Como aqui a tradição é ignorada ou insultada como expressão de conservadorismo, há um hábito de achar que a inovação pela inovação é sempre necessária para que o Brasil, “um país sem solução”, recomece do zero eternamente. Porque desconhecemos a nossa tradição e ignoramos o que é conservadorismo, temos o hábito de propor regularmente uma revolução permanente para acabar com tudo aquilo para o qual não vislumbramos solução (corrupção, impunidade, degradação moral, pobreza). Nesse esforço destrutivo, que é, portanto, revolucionário, não aprendemos a construir. Pelo contrário, somos ensinados e instigados a destruir.

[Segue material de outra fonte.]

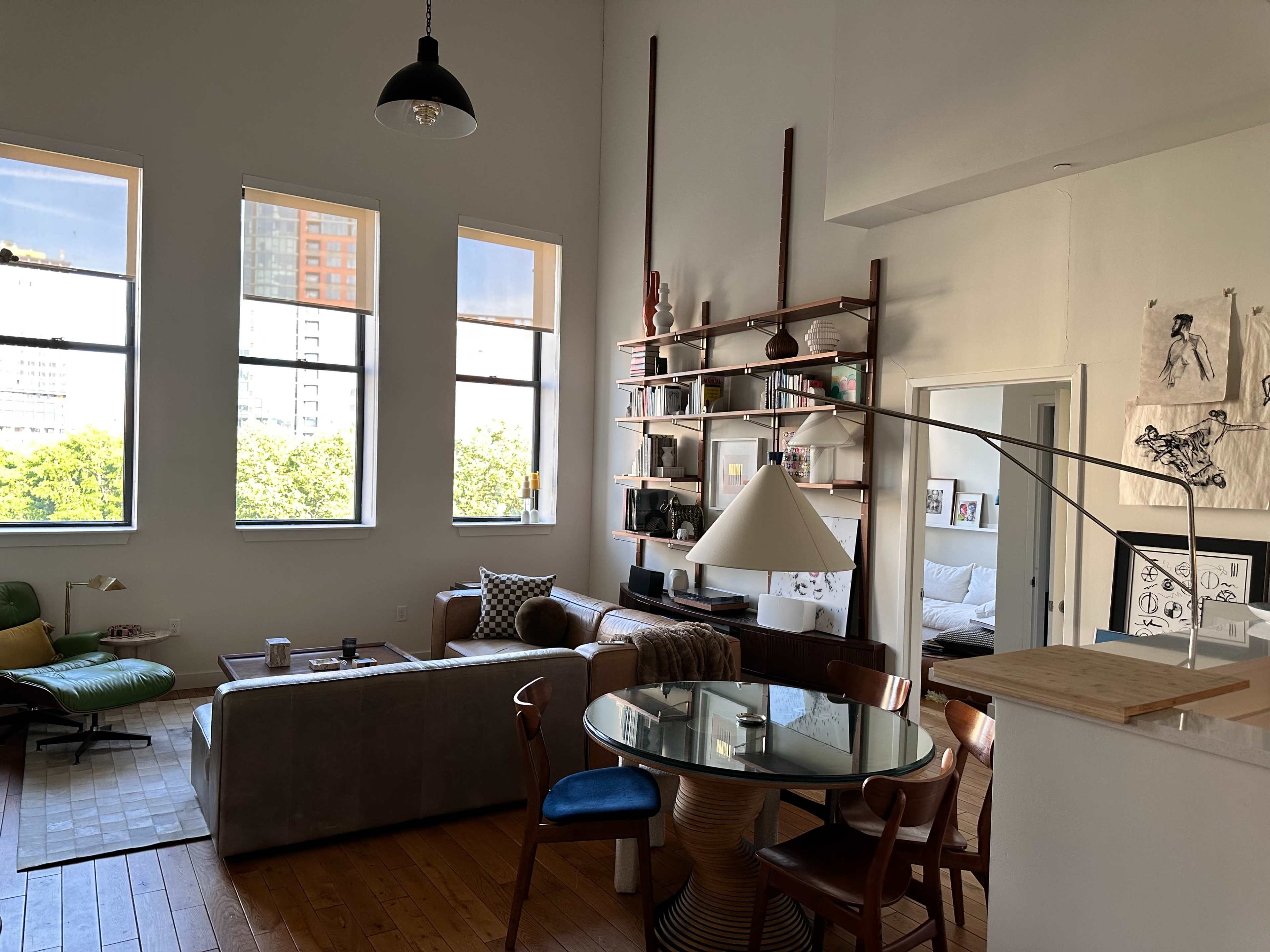 The image shows a modern apartment interior with a living area featuring large windows, a sectional sofa, a dining table, and a bookshelf.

Esse tipo de postura e posição não respeita classe social e conta bancária. Aqueles que mais maldizem o Brasil e os brasileiros parecem ser os que têm maior poder aquisitivo. A própria degradação cultural da elite econômica criou uma armadilha, à qual está presa, e que ela nem sabe que existe.

Se no passado havia, na média, uma elite econômica muito bem formada e com vínculos profundos com o país, que empreendia esforços para dar o seu melhor como contributo à sociedade, uma parcela numerosa da que existe hoje parece ter como missão de vida apenas ganhar e gastar dinheiro e falar mal do país do conforto da sua cobertura ou de sua casa no exterior. Muitos deles são, inclusive, corresponsáveis pela situação política porque ajudaram ou financiaram políticos e partidos socialistas e oligarcas. E seus filhos, criados por babás e depois educados por professores de esquerda, tornam-se a descendência degenerada de algo que já não era bom. Quando as coisas pioram por aqui, arrumam as malas e vão reclamar do Brasil do exterior.

Apesar do dinheiro e do ensino formal em boas escolas, de ter tido acesso a muita coisa a que a maioria dos brasileiros jamais teve, há uma parcela da sociedade que escolhe o erro em vez do acerto, a mentira em vez da verdade. Você pode ter nascido em família pobre e se tornar um Lula; ou em família rica e se tornar um Guilherme Boulos. Não é o dinheiro – ou a falta dele – que vai definir quem você é.

Paradoxalmente, e talvez mesmo pelo senso comum corrompido, somos um povo sedento por bons exemplos. Por isso mesmo, temos por hábito projetar em times, seleções, ídolos do esporte, por exemplo, aquele sentimento sufocado pelo costume e pela dura realidade. Quando eu conto para pessoas de classes sociais e graus de escolaridades muito diversos sobre os grandes nomes do nosso Império, o interesse é tão intenso quanto a expressão de encantamento diante da descoberta: “O Brasil já foi assim? Nunca ouvi falar disso!”

Felizmente, as coisas estão mudando para melhor, embora não pareçam, porque a transformação em curso não consegue se sobrepor a tudo de ruim que existe e pela forma agressiva como parcelas da sociedade têm se manifestado, por exemplo, sobre a política. Mas até mesmo esse envolvimento agressivo é parte de um processo de maturidade benéfico que, acredito, dará bons frutos no futuro se as virtudes se impuserem sobre os vícios. É dever, portanto, de cada um de nós colaborar para melhorar o país e fazer das nossas qualidades o padrão de reconhecimento da nossa identidade.